TASK INSTRUCTIONS: Copy exactly the lines starting at the one that contains "Rowaa Ahmar, a" and running through the end of the material below. Exclude any pictures.
━━━━
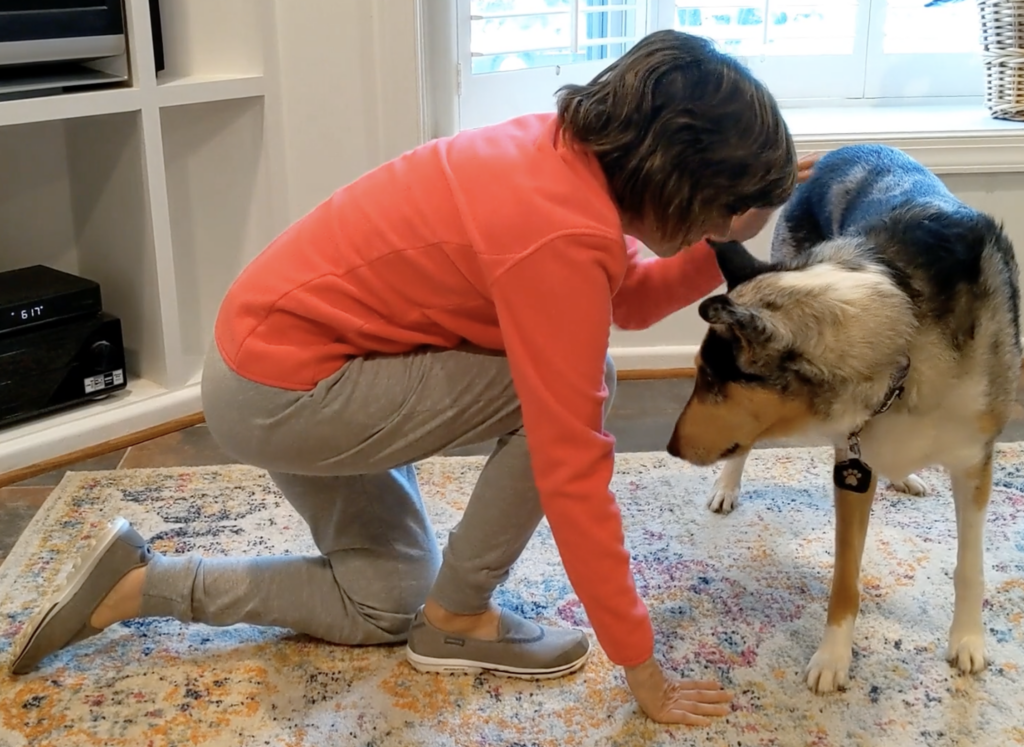 woman on the ground kneeling partially getting up next to a standing service dog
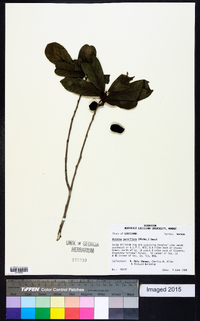 Asimina parviflora image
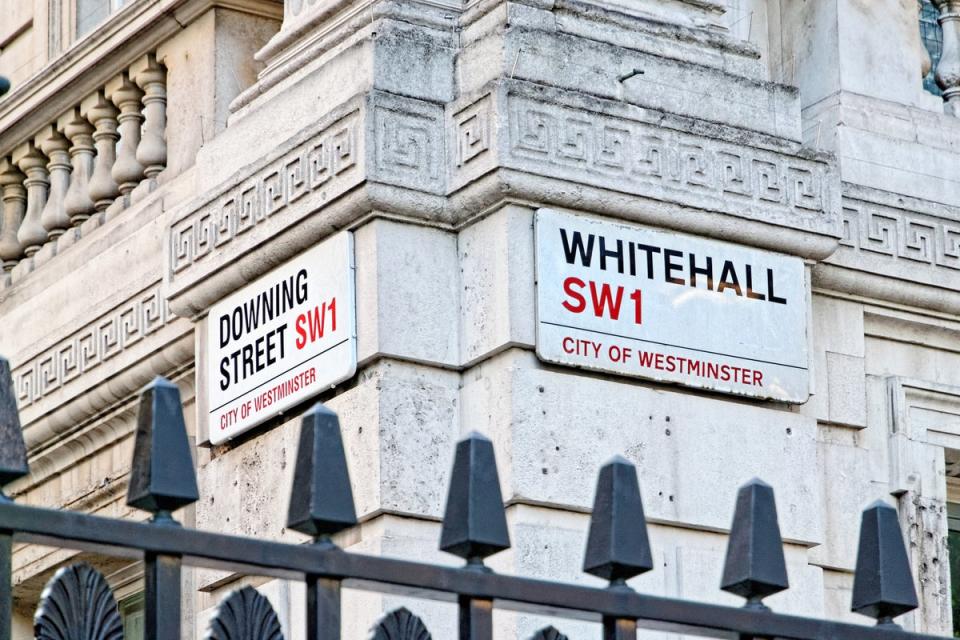 Rowaa Ahmar, a former senior civil servant, has withdrawn a discrimination case against the Cabinet Office (Getty)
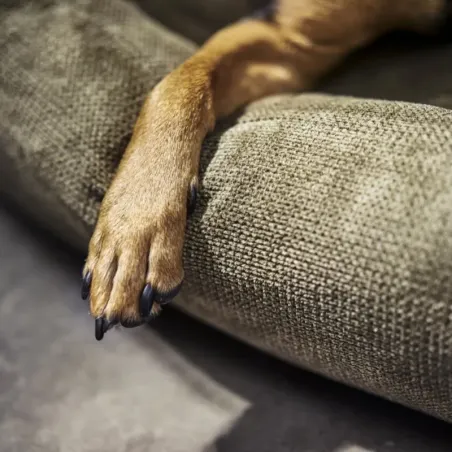 Panier pour chien Tubor classique kaki - LABONI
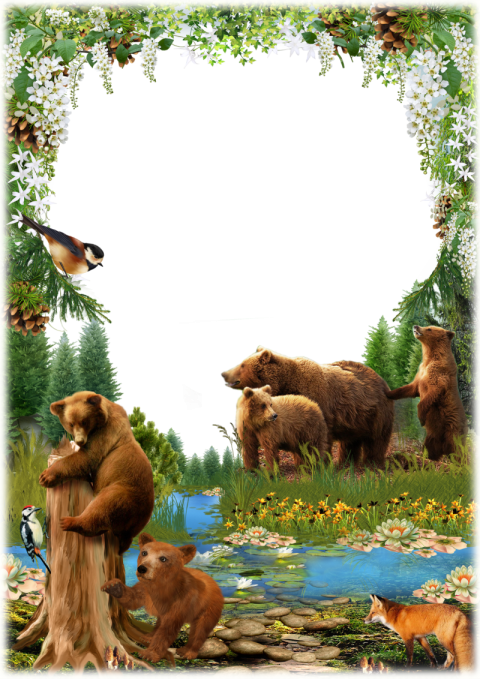 Birthday Forest Graphic Card Design PNG Download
━━━━
SOLVED PROBLEM:
 Rowaa Ahmar, a former senior civil servant, has withdrawn a discrimination case against the Cabinet Office (Getty)
 Panier pour chien Tubor classique kaki - LABONI
 Birthday Forest Graphic Card Design PNG Download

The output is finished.